You are viewing a plain text version of this content. The canonical link for it is here.

Posted to user@storm.apache.org by "Hart, James W." <jw...@seic.com> on 2016/07/15 13:36:46 UTC

General question about how many topologies can run in a smallish cluster.

I have a 5 VM cluster with 16 gig 8 core machines, and 3 of the machines are worker nodes.  Can anyone give input on how many topologies should/can be run on the cluster?  We are currently running 40 topologies in this dev cluster and having tons of stability and topology startup issues.  These topologies are running bursty workloads in a few of these topologies, but mostly they are doing nothing.

I'm looking for a sanity check as we are having severe stability issues with (nimbus crashing, supervisors crashing, topologies failing to startup.).  Our topologies are failing to startup because the 3 workers launch with too big a time lag between them (~3 minutes),and by the time the 2nd and 3rd startup the first have given up making netty connections to the others.  Once our topologies fail to connect they give up.

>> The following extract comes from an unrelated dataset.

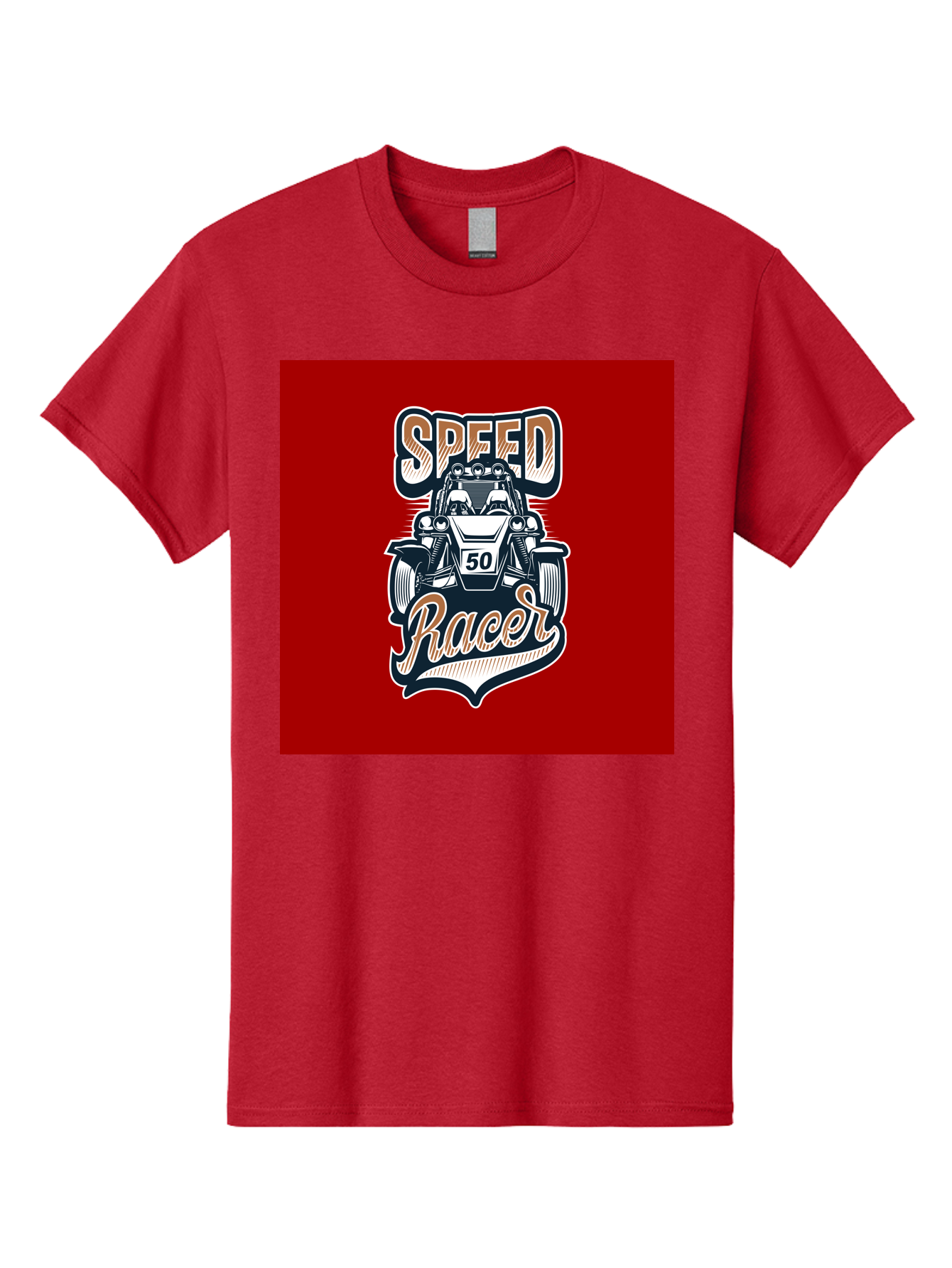 Speed-Racer Men'S Graphic Tee, 100% Cotton, Comfortable Casual Summer Wear, Machine Washable, Vintage Style Racing Car, Dune Buggy Illustration, Speed Racer Graphic, Retro Racing Art, Off-Road Vehicle, Motorsport Logo, Racing Number 50, Aab482 5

We have tuned the retry params used for the worker instances to connect so that they retry slower, and now they are connecting, but still hanging after connecting.  By hanging I mean the PIDs are still alive, but the logs stop logging and zero kafka message flow into even the 1 good worker topology that is still logging.    We are wondering if the retries are filling up stdout/stderr and if that is causing the thread to block.

Any input and help wold be appreciated.